In my case, I'm willing to trust the filename extensions and I only need to deal with gzip and maybe bzip files.
import gzip
import bz2
def open_by_suffix(filename):
if filename.endswith('.gz'):
return gzip.open(filename, 'rb')
elif filename.endswith('.bz2'):
return bz2.BZ2file(filename, 'r')
else:
return open(filename, 'r')
If we don't trust the filenames, we can compare the initial bytes of the file for magic strings (modified from https://stackoverflow.com/a/13044946/117714):
import gzip
import bz2
magic_dict = {
"\x1f\x8b\x08": (gzip.open, 'rb')
"\x42\x5a\x68": (bz2.BZ2File, 'r')
}
max_len = max(len(x) for x in magic_dict)

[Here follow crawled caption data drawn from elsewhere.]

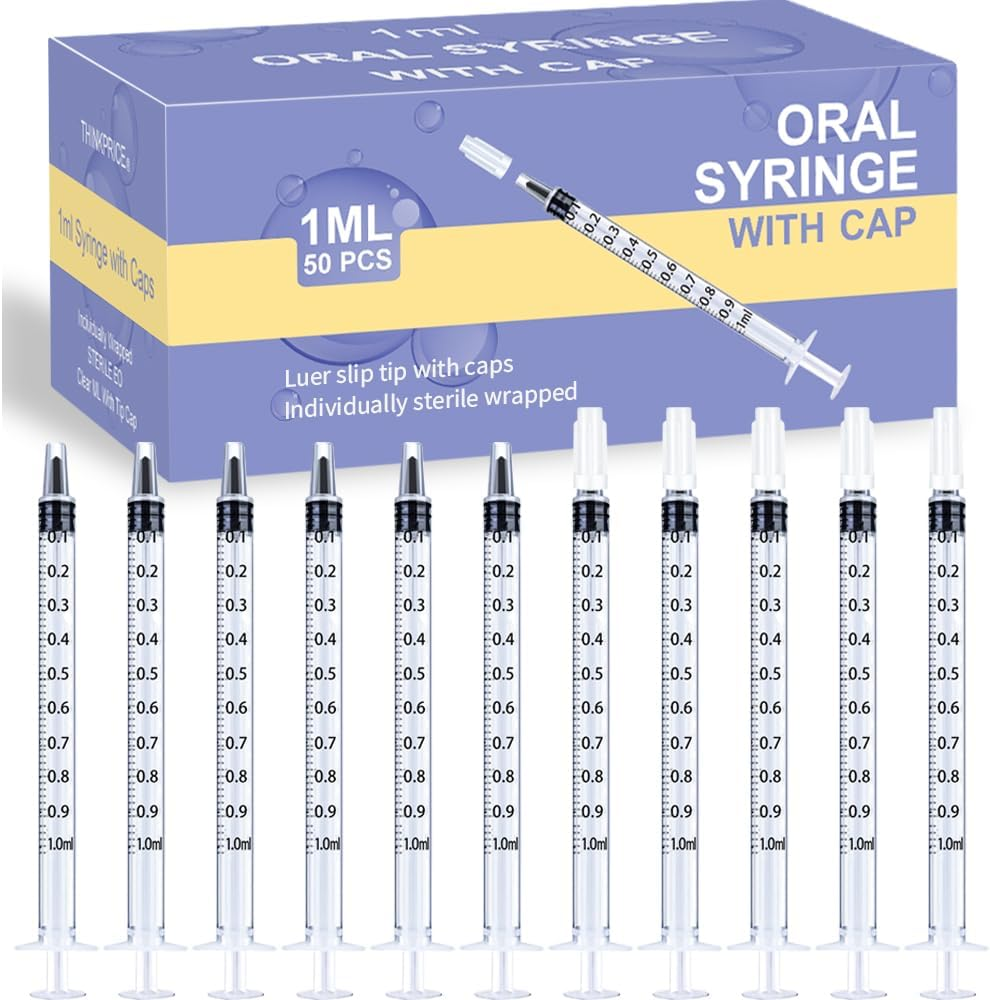50 Pcs 1Ml Syringes with Caps Oral Dispenser Individually Sterile Warpped for Medicine Dropper, Colostrum Collect Feeding Pets, Liquid image number 2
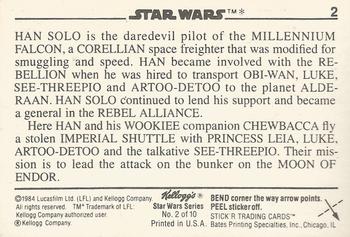1984 Kellogg's Star Wars #2 Han Solo Back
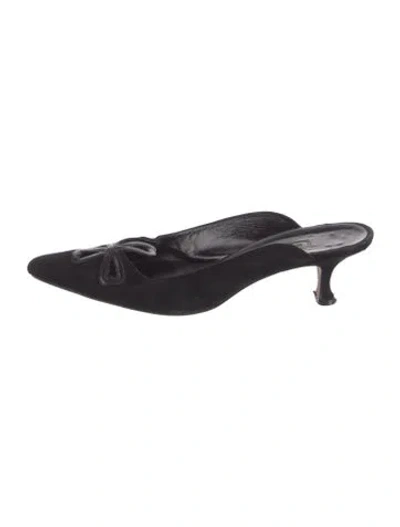 Pre-owned Manolo Blahnik Suede Mules In Black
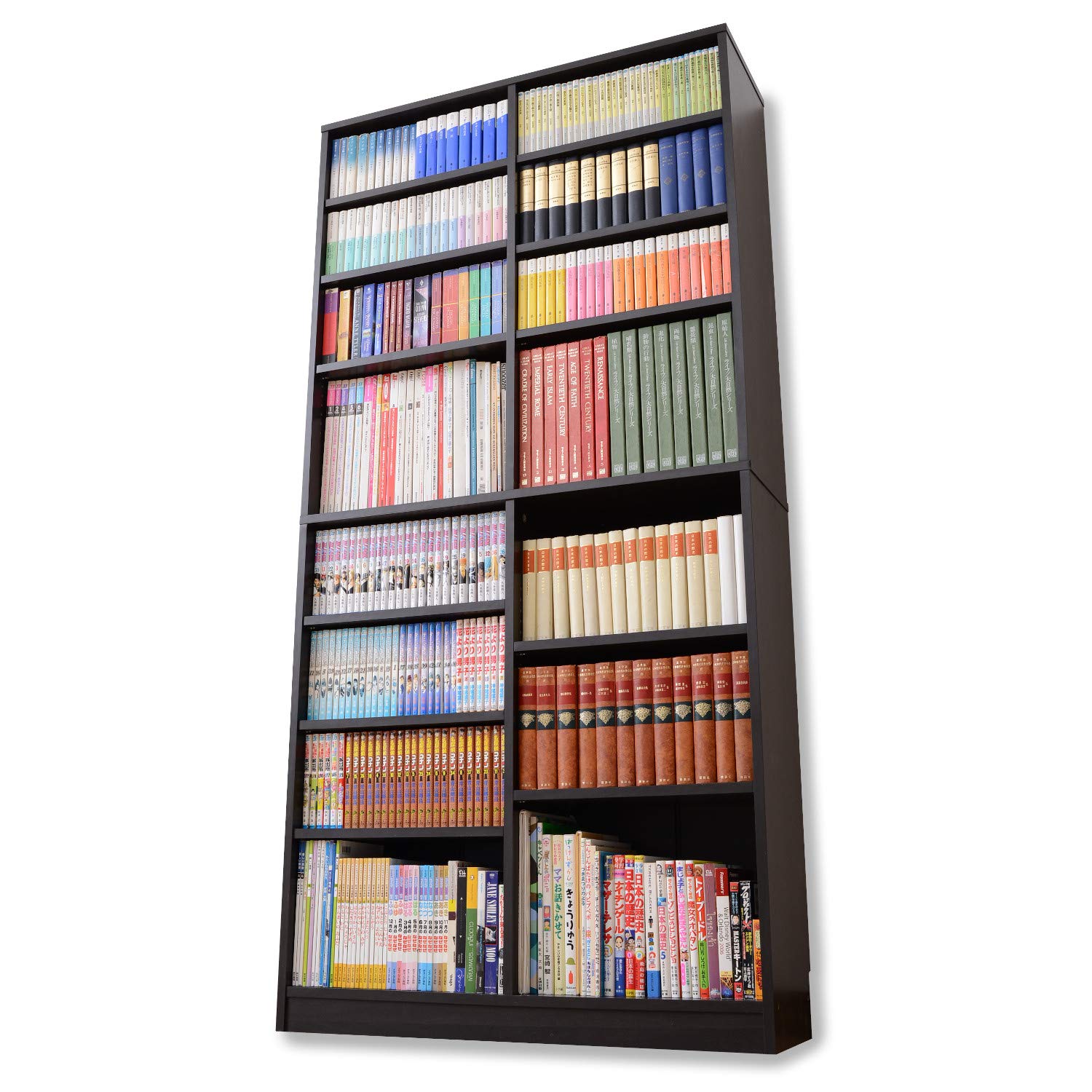 山善(YAMAZEN) 本棚 幅90.5×奥行29×高さ184cm 8段 棚板可動 巾木カット オープンラック 大容量 組立品 ブラウン 木目調 CPB-1890J(JB)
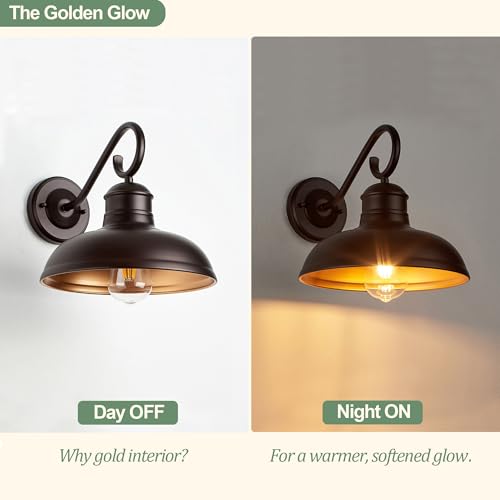 Image of GOLDHILL 10 Inch Farmhouse Gooseneck Barn Light with Gold Interior 1 Pack, Oil Rubbed Bronze Rustic Outdoor Wall Sconce for Garage Porch Bathroom Vanity, E26 Base, ETL Listed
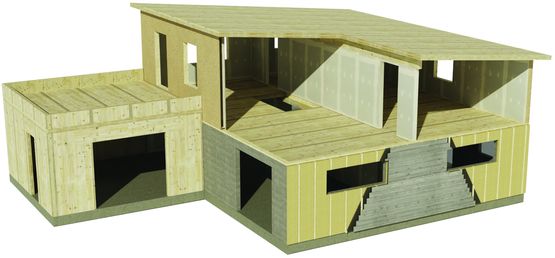 Panneau structurel standard CLT en épicéa et pin français | Hexakit - Blocs et panneaux autoportants en bois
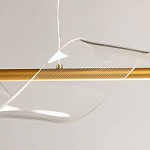 Люстра линейная золотистого цвета с двумя прозрачными волнистыми элементами Wave Line варинант исполнения - 9 | Loft Concept в Барнауле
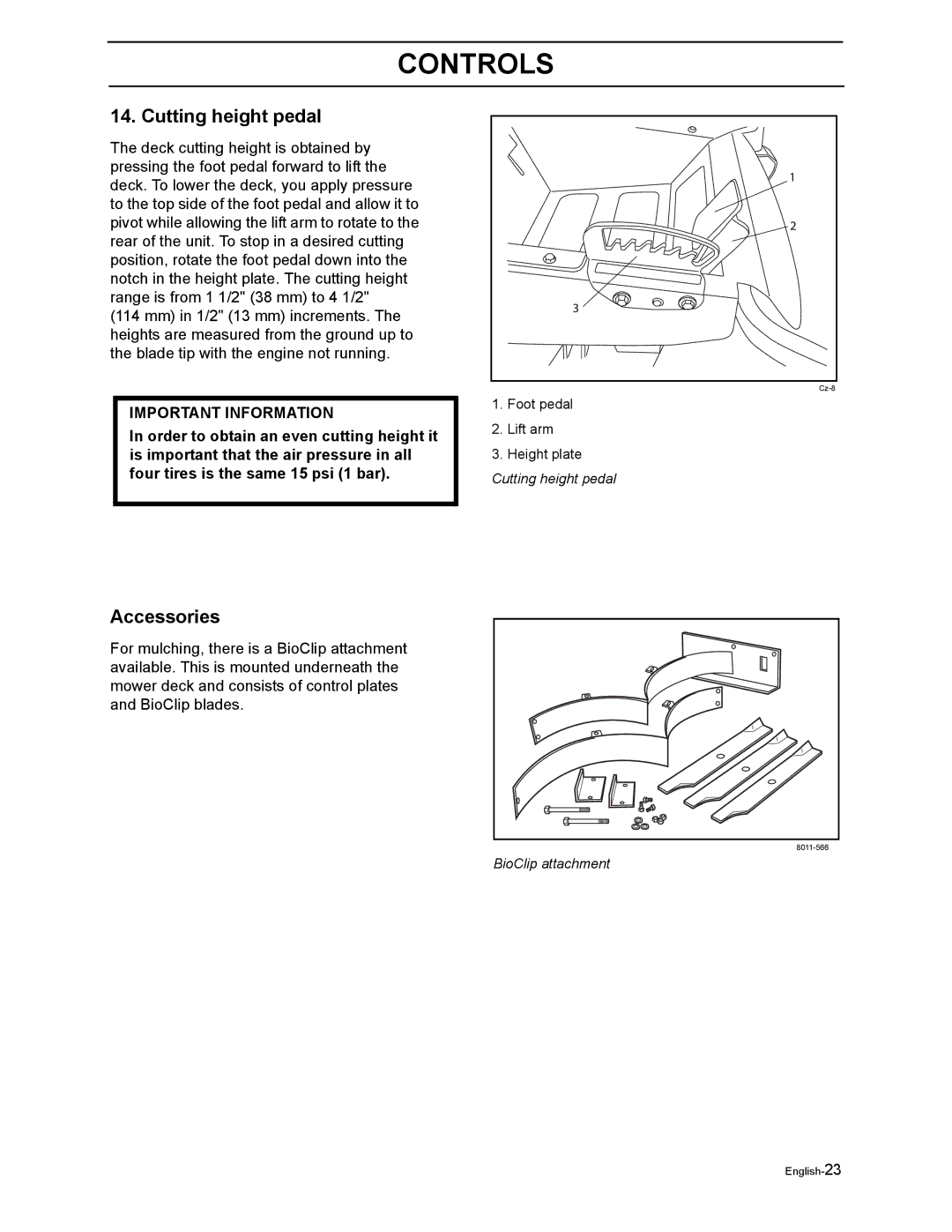 Husqvarna Z4818BIA/968999250 manual Cutting height pedal, Accessories 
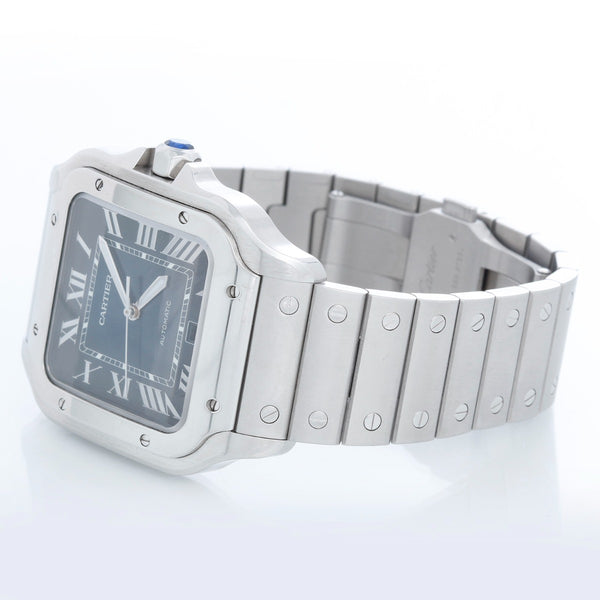 Cartier Santos De Cartier Stainless Steel  Blue Dial  Large Watch WSSA0030 4072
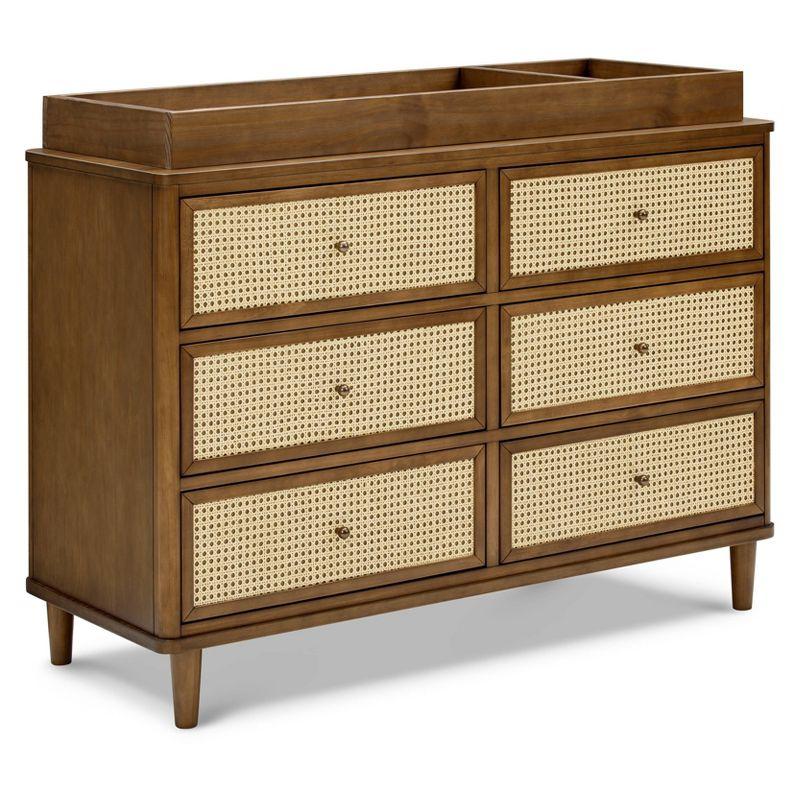 Natural Walnut and Blonde Cane 6-Drawer Dresser with Soft Close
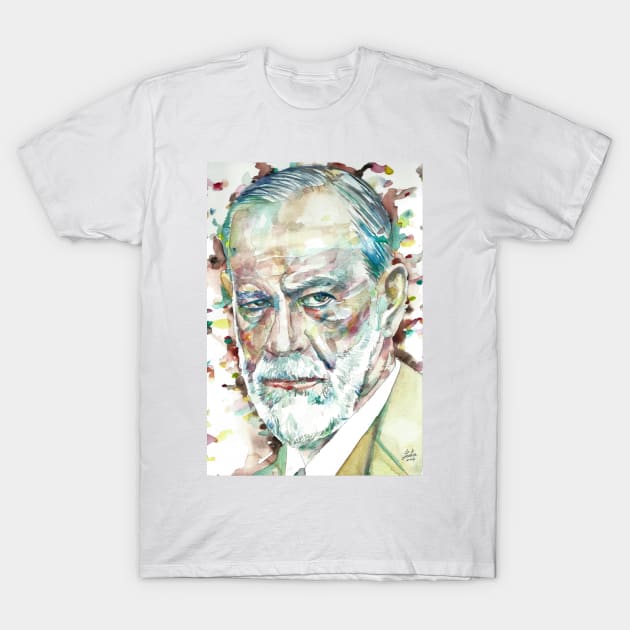 SIGMUND FREUD - watercolor portrait.1 T-Shirt by lautir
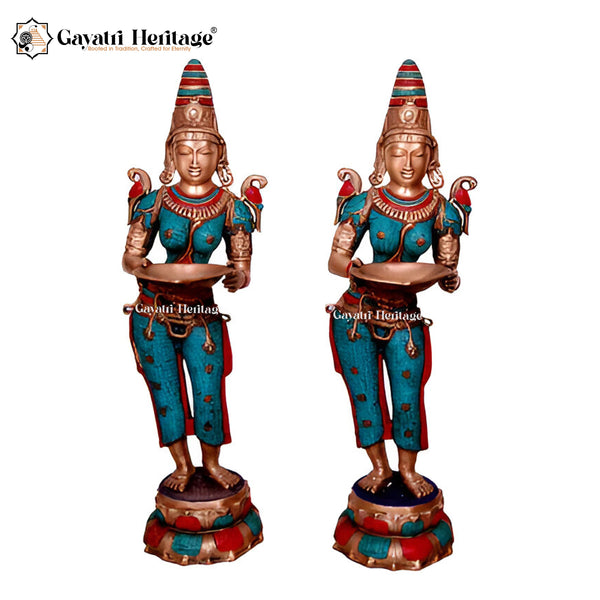 Brass Deeplakshmi in Stone Work – Light & Wealth Blessings | Gayatri Heritage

def open_by_magic(filename):
with open(filename) as f:
file_start = f.read(max_len)
for magic, (fn, flag) in magic_dict.items():
if file_start.startswith(magic):
return fn(filename, flag)
return open(filename, 'r')
Usage:
# cat
for filename in filenames:
with open_by_suffix(filename) as f:
for line in f:
print f
Your use-case would look like:
for f in files:
with open_by_suffix(f) as handle:
process_file_contents(handle)